Vectorized Expressions
- The purpose of storing numerical data in arrays is to be able to process the data with concise vectorized expressions that represent batch operations that are applied to all elements in the arrays.
- Efficient use of vectorized expressions eliminates teh need of many explicit
for
loops. This results in less verbose code, better maintainability, and higher-performing code. - NumPy implements functions and vectorized operations corresponding to most fundamental mathematical functions and operators.
- Many of these functions and operations act on arrays on an elementwise basis, and binary operations require all arrays in an expression to be of compatible size. The meaning of compatible size is normally that the variables in an expression represent either scalars or arrays of the same size and shape. More generally, a binary operation involving two arrays is well defined if the arrays can be broadcasted into the same shape and size.
Broadcasting
Broadcasting allows an operator or a function to act on two or more arrays to operate even if these arrays do not have the same shape. That said, not all the dimensions can be subjected to broadcasting; they must meet certain rules.
Two arrays can be subjected to broadcasting when all their dimensions are compatible, i.e., the length of each dimension must be equal or one of them must be equal to 1. If neither of these conditions is met, you get an exception that states that the two arrays are not compatible.
import numpy as np
x = np.arange(16).reshape(4, 4)
y = np.arange(4)
z = np.arange(4)[:, np.newaxis]
x, x.shape
y, y.shape
z, z.shape
To illustrate how broadcasting works, we will use two simple examples in which we will compute:
x + y
x + z
In this case, you obtain three arrays with shapes:
- x:
4 x 4
- y:
4
- z:
4 x 1
There are two rules of broadcasting:
1) You must add a 1 to each missing dimension. If the compatibility rules are now satisfied, you can apply the broadcasting and move to the second rule. For example:
- x:
4 x 4
- y:
1 x 4
- z:
4 x 1
The rule of compatibity is met. Then you can move to the second rule of broadcasting.
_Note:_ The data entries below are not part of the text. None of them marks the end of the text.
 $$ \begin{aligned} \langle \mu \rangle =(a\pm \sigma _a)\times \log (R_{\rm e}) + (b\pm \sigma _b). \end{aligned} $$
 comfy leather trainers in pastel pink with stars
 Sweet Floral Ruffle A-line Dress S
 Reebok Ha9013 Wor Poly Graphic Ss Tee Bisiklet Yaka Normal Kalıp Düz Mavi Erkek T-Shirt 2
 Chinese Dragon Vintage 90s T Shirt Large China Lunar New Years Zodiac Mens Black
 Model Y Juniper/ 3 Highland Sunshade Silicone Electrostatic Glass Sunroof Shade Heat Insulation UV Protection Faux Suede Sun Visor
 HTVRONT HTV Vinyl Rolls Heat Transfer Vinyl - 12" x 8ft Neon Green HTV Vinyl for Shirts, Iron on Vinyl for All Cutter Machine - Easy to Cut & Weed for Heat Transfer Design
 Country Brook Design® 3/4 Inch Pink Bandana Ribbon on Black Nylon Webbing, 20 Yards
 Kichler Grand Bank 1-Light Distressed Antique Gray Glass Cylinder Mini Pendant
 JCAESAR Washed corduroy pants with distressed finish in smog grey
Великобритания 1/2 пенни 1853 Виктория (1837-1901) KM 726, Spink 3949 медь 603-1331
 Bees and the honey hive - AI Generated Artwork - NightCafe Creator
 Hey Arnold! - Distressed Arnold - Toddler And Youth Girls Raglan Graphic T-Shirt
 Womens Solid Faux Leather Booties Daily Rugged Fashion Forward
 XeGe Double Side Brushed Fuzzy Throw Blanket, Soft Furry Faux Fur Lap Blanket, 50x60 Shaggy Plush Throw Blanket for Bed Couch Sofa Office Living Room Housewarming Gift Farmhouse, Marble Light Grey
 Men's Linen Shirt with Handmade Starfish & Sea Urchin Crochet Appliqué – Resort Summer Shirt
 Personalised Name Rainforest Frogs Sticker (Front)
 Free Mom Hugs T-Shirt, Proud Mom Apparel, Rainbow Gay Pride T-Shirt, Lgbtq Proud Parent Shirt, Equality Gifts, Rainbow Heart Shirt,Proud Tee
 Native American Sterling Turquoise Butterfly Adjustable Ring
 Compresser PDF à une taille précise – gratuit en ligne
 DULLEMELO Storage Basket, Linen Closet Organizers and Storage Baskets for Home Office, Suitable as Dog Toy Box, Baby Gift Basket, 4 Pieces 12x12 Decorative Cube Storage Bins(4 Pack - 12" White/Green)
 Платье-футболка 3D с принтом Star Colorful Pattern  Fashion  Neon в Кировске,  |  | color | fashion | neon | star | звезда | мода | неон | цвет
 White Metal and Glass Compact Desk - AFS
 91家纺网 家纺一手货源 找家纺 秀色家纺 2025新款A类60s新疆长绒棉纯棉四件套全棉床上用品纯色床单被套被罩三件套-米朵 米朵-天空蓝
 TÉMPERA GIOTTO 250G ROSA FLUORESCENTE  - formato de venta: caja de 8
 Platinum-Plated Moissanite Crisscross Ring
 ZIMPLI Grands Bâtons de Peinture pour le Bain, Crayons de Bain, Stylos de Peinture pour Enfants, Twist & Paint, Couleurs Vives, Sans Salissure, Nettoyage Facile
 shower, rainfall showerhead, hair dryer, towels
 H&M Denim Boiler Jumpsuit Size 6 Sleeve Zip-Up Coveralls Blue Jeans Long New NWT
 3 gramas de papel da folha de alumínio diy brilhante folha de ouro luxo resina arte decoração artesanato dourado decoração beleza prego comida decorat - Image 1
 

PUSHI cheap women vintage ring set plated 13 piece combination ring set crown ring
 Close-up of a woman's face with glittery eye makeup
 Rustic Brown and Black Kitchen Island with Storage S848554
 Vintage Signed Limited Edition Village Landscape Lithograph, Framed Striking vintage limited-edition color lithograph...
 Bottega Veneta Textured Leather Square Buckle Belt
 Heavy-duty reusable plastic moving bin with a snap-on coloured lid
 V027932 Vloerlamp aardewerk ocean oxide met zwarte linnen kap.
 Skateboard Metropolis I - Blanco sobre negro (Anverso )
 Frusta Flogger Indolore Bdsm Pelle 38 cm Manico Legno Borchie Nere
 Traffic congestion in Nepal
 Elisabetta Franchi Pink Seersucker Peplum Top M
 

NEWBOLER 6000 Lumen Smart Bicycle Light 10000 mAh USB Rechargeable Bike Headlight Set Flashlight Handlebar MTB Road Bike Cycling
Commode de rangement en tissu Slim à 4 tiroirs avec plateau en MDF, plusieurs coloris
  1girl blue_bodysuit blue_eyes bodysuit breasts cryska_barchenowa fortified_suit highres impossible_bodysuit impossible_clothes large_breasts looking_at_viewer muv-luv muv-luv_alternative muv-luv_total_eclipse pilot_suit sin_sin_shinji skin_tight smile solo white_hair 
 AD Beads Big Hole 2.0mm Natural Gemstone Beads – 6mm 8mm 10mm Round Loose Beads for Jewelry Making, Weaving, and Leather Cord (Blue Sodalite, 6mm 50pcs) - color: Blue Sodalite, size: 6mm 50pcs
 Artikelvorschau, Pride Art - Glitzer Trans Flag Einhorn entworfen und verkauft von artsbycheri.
2) The second rule explains how to extend the size of the smallest array so that it’s the size of the biggest array, so that the element-wise function or operator is applicable. This rule asssumes that the missing elements (size, length 1) are filled with replicas of the values contained in extended sizes:
Applying the second broadcasting rule
The highlighted elements represent true elements of the arrays, while the light gray-shaded elements describe the broadcasting of the elements of the array of smaller size.
NOTE:
The extra memory indicated by the gray-shaded boxes is never allocated, but it can be convenient to think about the operations as if it is.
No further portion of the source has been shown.